This approach, borrowed partly from statistical physics, allows them to sidestep the „noise” of micro-level fluctuations and identify the underlying signal: the smooth, predictable curve of technological catch-up. The model is explicitly approximate. It doesn’t account for political upheaval, institutional quality, or individual crises. But its authors argue that this simplicity is a virtue — it reveals the structural forces that operate beneath the policy noise.

IMF & Model Consensus Forecast — 2030

Lithuania overtakes all Central & Eastern European peers in GDP per capita

Driven by the lowest pre-crisis private debt accumulation in the CEE region


Why This Matters Beyond Lithuania

The implications reach well beyond one small Baltic nation. If the herd model is correct, then economic policy advice that ignores private debt dynamics and focuses only on innovation, education, or institutional reform may be missing the central variable.

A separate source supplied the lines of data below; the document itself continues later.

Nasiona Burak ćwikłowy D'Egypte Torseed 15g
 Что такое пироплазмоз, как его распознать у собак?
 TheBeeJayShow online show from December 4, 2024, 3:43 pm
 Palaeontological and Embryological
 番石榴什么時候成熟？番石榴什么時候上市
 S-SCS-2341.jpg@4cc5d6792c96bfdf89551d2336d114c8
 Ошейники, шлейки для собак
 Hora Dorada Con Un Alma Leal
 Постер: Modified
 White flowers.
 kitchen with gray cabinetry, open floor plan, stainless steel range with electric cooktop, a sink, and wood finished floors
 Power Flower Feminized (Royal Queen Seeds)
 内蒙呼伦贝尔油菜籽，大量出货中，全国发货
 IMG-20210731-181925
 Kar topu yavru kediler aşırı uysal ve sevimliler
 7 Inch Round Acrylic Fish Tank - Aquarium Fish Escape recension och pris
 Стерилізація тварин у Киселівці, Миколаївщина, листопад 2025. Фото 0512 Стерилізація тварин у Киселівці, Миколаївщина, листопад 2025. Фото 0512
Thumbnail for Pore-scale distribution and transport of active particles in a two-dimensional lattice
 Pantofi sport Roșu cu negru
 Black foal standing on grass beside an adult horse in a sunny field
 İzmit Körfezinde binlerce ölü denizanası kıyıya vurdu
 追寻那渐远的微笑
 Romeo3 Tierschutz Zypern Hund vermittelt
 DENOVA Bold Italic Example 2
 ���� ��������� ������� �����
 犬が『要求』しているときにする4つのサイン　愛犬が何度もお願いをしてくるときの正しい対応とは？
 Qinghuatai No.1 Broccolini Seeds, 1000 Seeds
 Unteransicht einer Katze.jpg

It also offers a more optimistic reading of development economics. Growth, in this view, is not primarily about rare genius or fortunate geography. It is a social process — systematic, learnable, and to a significant degree predictable. Countries that watch, imitate, and invest wisely will catch up. The mathematics says so.

For Lithuania, the message is one of hard-won vindication. The brutal austerity of 2009–2010, widely criticised at the time, left the country with clean books precisely when it needed them most. The sprint that followed wasn’t luck. It was structure.

The Bottom Line

Economic growth isn’t only about inventing new things. It’s about the social process of watching, learning, and adopting what works — fast enough to matter. Lithuania’s advantage isn’t genius or luck. It’s a balance sheet kept clean when others borrowed recklessly. The mathematics of catch-up says the sprint isn’t over yet.